スプリンクラーは火事の際に自動的に水を噴出しますので、
住民が操作する必要のない、安全性の高い消火設備です。

 

屋内消火栓設備

 

壁に埋め込まれている赤い扉のような設備です。
上のほうにランプが付いていて、暗くても設置場所が分かります。
この赤い蓋を開けるとホースが入っています。
ホースの根元にバルブがありますので、バルブをひねると
大元の消火ポンプが起動して水が出るようになります。
後は、ホースを構えてノズルを操作します。
屋内消火栓は、基本的に住民自らが、火事が広がらない内に
消火するための設備です。(初期消火といいます。

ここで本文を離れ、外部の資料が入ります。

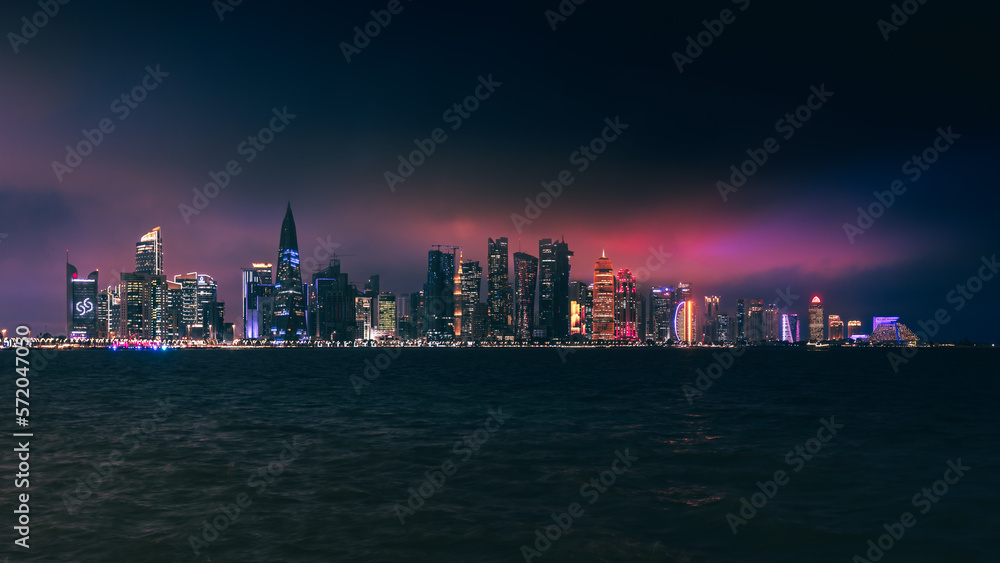 doha skyline at night, skyscrapers standing tall and in line in the concrete jungle doha skyline at night, skyscrapers standing tall and in line in the concrete jungle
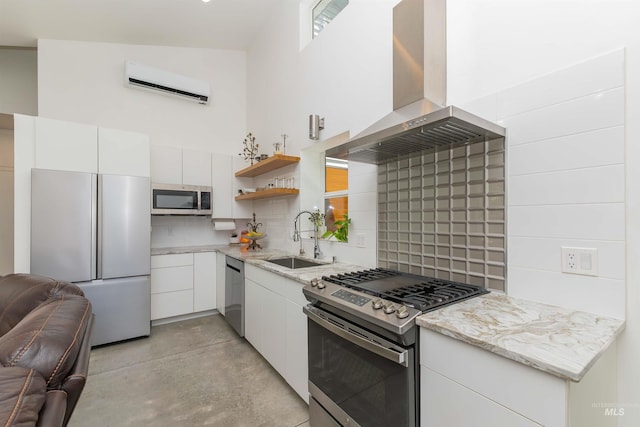 712 E Sheridan, Nampa, ID 83686 - kitchen featuring stainless steel appliances, wall chimney range hood, a wall unit AC, white cabinetry, and backsplash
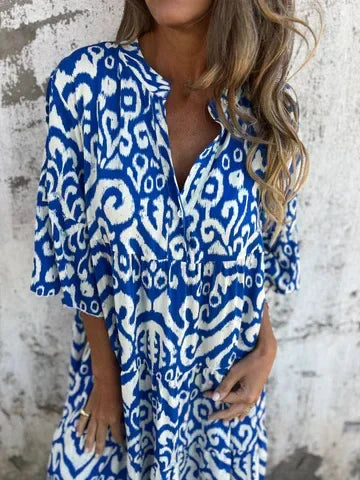 Linda™ | Dröm dig bort i boho-chic charm med denna luftiga midiklänning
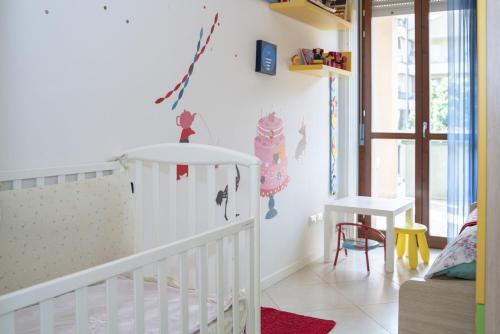 Posteľ alebo postele v izbe v ubytovaní Fellini - Family Flat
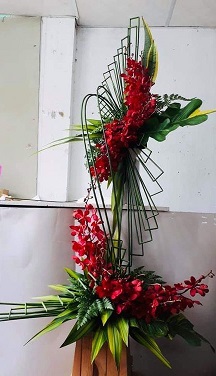 Folded Umbrella grass sticks with Red Flowers at base and top on a 2 tier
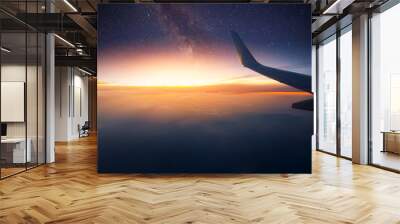 Airplane is flying at night. Space Milky Way view from plane window. Dark clear starry sky Wall mural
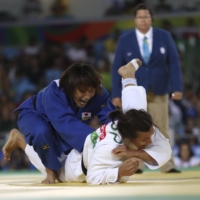 Junko Hirose (left) competes against Spain\'s Maria Monika Merenciano Herrero during the 2016 Rio Games. | REUTERS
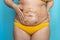 Woman with big stomach and buttocks in yellow underwear smear coffee body scrub on belly closeup. Doing tummy massage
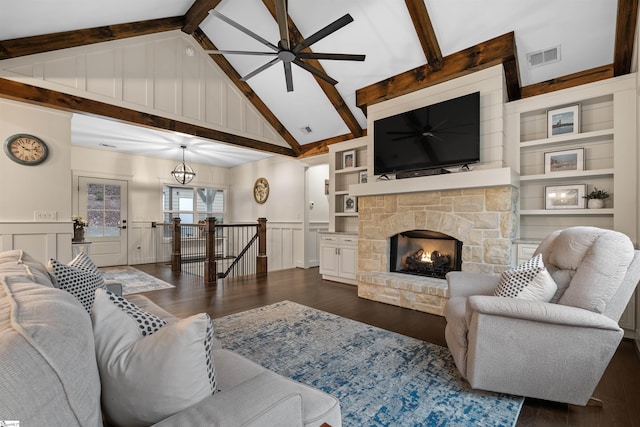 living room with dark hardwood / wood-style floors, a stone fireplace, built in features, and vaulted ceiling with beams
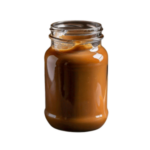 Frasco de vidrio lleno de dulde de leche sin etiqueta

)
しかし、日頃から訓練していないと、火事のパニック状態の中で
とても使おうという気にならないのも事実です。
安全意識の高いマンションでは、定期的に訓練が行われて
使い方を教えてくれる場合もあります。

 

非常用エレベーター

 

これは火災時に消防隊が消火活動をするためのエレベーターです。
住民が逃げる為のエレベーターではないので、注意が必要です。
住民は、火事の際にはエレベーターを使わずに歩いて逃げるように
計画されています。
大勢の人が逃げますので、基本的に狭い所に向かって人が
集中しないように、防災計画がなされています。

 

消火器

 

消火器は各家庭や共用部の所定の箇所に設置されています。
留め金をはずして、構えてトリガーを押すだけです。
ボヤ程度であれば消火器で消すことができますので、
お住まいのマンションのどこに置かれているか、
把握しておくことをお勧めします。